Current situation: The coronavirus pandemic is one the gravest challenges the world has faced in modern times. As of this writing, there have been over 3.3 million cases and 240,000 deaths worldwide, including the tragic loss of over 65,000 American lives. This toll is compounded by the severe economic losses stemming from the strict physical distancing measures we have had to take to slow transmission of COVID-19 and save lives. However, these extreme efforts are working, and the number of new cases in many communities has plateaued or begun to fall.
Nonetheless, it is clear that more difficult times lay ahead. The US still faces 25- to 30,000 new cases and approximately 2,000 deaths every day, a range that held steady for the entire month of April. Many states are in the process of reopening, or are considering doing so, despite inadequate capacities to do diagnostic testing, contact tracing, and insufficient supplies of personal protective equipment. Other states not yet reopening are looking ahead to those decisions, as we all are, to try to understand how and when that transition to reopening should unfold.
It is clear to me that we are in a critical moment in this fight. We risk complacency in accepting the preventable deaths of 2,000 Americans each day. We risk complacency in accepting that our healthcare workers do not have what they need to do their jobs safely. And we risk complacency in recognizing that without continued vigilance in slowing transmission, we will again create the conditions that led to us being the worst-affected country in the world.
And so, at this critical moment, it is important that we renew our focus on the public health actions that we know are effective in defeating COVID-19. These are the strategies of South Korea, Singapore, Taiwan, New Zealand, Germany, Iceland – all of which have successfully managed to slow their spread. I will describe three capacities needed, which taken together will allow us to transition safely from staying home to a gradual reopening.
Diagnostic testing: The first critical capacity is diagnostic testing. We need, at minimum, enough capacity to test everyone with COVID-like symptoms and have results with 24 hours. We should also be able to regularly test critical workers, like those in healthcare, long term care, correctional facilities, and first responders.
Last week we performed around 1.6 million tests nationwide, an enormous improvement over the one million tests per week in early April. These gains are a testament to an impressive biomedical enterprise that we have built through sustained investments in science and medicine. But it is not enough. Estimates for the number of tests we need range from 3.5 million to tens of millions per week. While testing on the upper end of the range may not be logistically feasible any time soon, even increasing our testing capacity to 3-4 million tests per week would be enormously helpful to enable case-based interventions like contact tracing.

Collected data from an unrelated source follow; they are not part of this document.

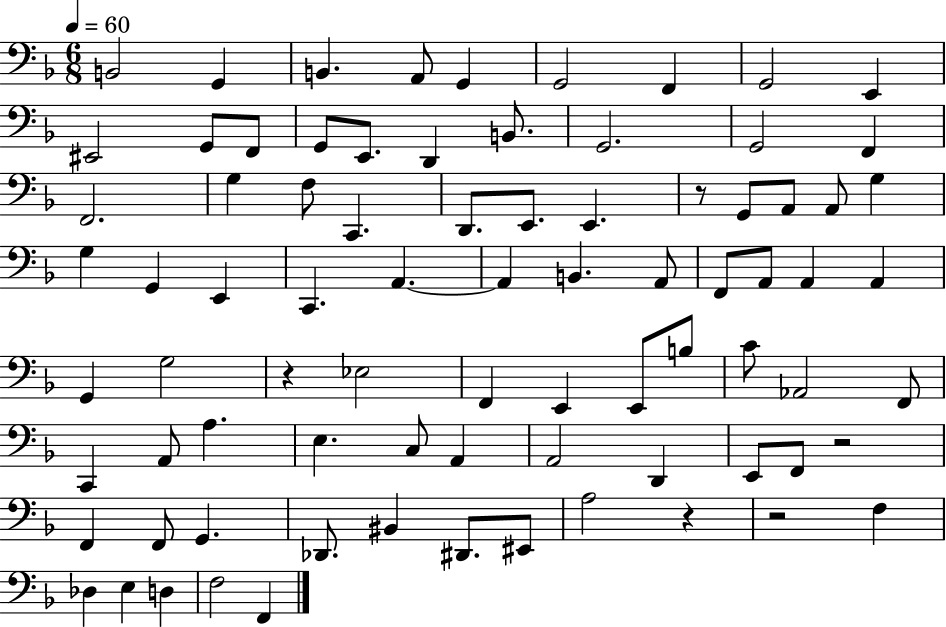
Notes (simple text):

B2/h G2/q B2/q. A2/e G2/q G2/h F2/q G2/h E2/q EIS2/h G2/e F2/e G2/e E2/e. D2/q B2/e. G2/h. G2/h F2/q F2/h. G3/q F3/e C2/q. D2/e. E2/e. E2/q. R/e G2/e A2/e A2/e G3/q G3/q G2/q E2/q C2/q. A2/q. A2/q B2/q. A2/e F2/e A2/e A2/q A2/q G2/q G3/h R/q Eb3/h F2/q E2/q E2/e B3/e C4/e Ab2/h F2/e C2/q A2/e A3/q. E3/q. C3/e A2/q A2/h D2/q E2/e F2/e R/h F2/q F2/e G2/q. Db2/e. BIS2/q D#2/e. EIS2/e A3/h R/q R/h F3/q Db3/q E3/q D3/q F3/h F2/q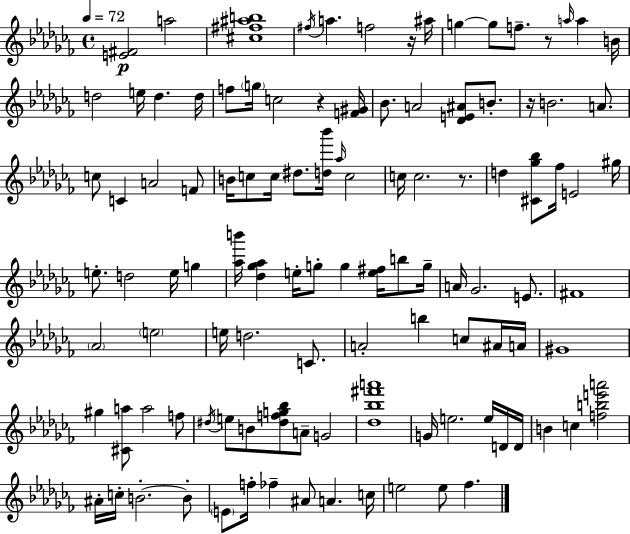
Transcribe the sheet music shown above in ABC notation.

X:1
T:Untitled
M:4/4
L:1/4
K:Abm
[E^F]2 a2 [^c^f^ab]4 ^f/4 a f2 z/4 ^a/4 g g/2 f/2 z/2 a/4 a B/4 d2 e/4 d d/4 f/2 g/4 c2 z [F^G]/4 _B/2 A2 [_DE^A]/2 B/2 z/4 B2 A/2 c/2 C A2 F/2 B/4 c/2 c/4 ^d/2 [d_b']/4 _a/4 c2 c/4 c2 z/2 d [^C_g_b]/2 _f/4 E2 ^g/4 e/2 d2 e/4 g [_ab']/4 [_d_g_a] e/4 g/2 g [e^f]/4 b/2 g/4 A/4 _G2 E/2 ^F4 _A2 e2 e/4 d2 C/2 A2 b c/2 ^A/4 A/4 ^G4 ^g [^Ca]/2 a2 f/2 ^d/4 e/2 B/2 [^dfg_b]/2 A/2 G2 [_d_b^f'a']4 G/4 e2 e/4 D/4 D/4 B c [fbe'a']2 ^A/4 c/4 B2 B/2 E/2 f/4 _f ^A/2 A c/4 e2 e/2 _f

We urgently need a national plan to close that gap. Scaling to the first one million tests per week, though hard-fought, was largely about bringing to bear existing resources. Getting to triple that, or ten times that, will require national level strategic planning and innovation. We should start by understanding, from start to finish, what resources and components are involved in the testing pipeline. Swabs, reagents, test kits, PPE, have all intermittently been implicated in shortages. Next national leaders should map out, in great detail, the current and expected capacities for each of these elements. What national capacities can we expect at the end of May, and June, and August? Where are the bottlenecks? What untapped resources could we draw from? How will we get from where we are to where we want to be?
If this work has been done, I have not seen it, and I fear that neither have the governors and other state and local leaders who are having to make decisions about how and when to reopen. They need to know whether and when significantly more tests may be reliably available to states. Businesses need to understand whether proposed plans to test workers regularly, for example, are even possible, or whether that capability is simply not coming. The Federal government should take on this strategically important assessment and planning process to increase testing capacity in the US and should make the results publicly available.
Contact tracing: The second needed capacity, closely related to diagnostic testing, is contact tracing. Contact tracing is the key tool that will allow us to move safely from everyone staying home to slow the spread to a more targeted approach. Contact tracing involves public health officials conducting in-depth interviews with people who have a confirmed COVID-19 diagnosis in order to identify all of the contacts who have had an exposure to them, and who are therefore at risk. Those contacts are notified and asked to stay home for 14 days so that if they are infected, they do not accidentally spread the disease further.
We do contact tracing all the time in public health for many different diseases, but we have never done it on the scale that will be needed here. You did include $11 billion for states, territories and tribes to expand testing and contact tracing and $1 billion for the Centers for Disease Control and Prevention to expand contact tracing and public health surveillance and epidemiology in the fourth emergency bill, which is an important foundation. States have moved to expand their contact tracing workforce, but more capacity may be needed to as a means to control the outbreak.
In addition to reducing transmission, contact tracing provides us with important data that we need for decision making. For example, we currently have very little understanding of where most people are becoming infected – at home? In special settings like long term care facilities or correctional facilities? All around the community?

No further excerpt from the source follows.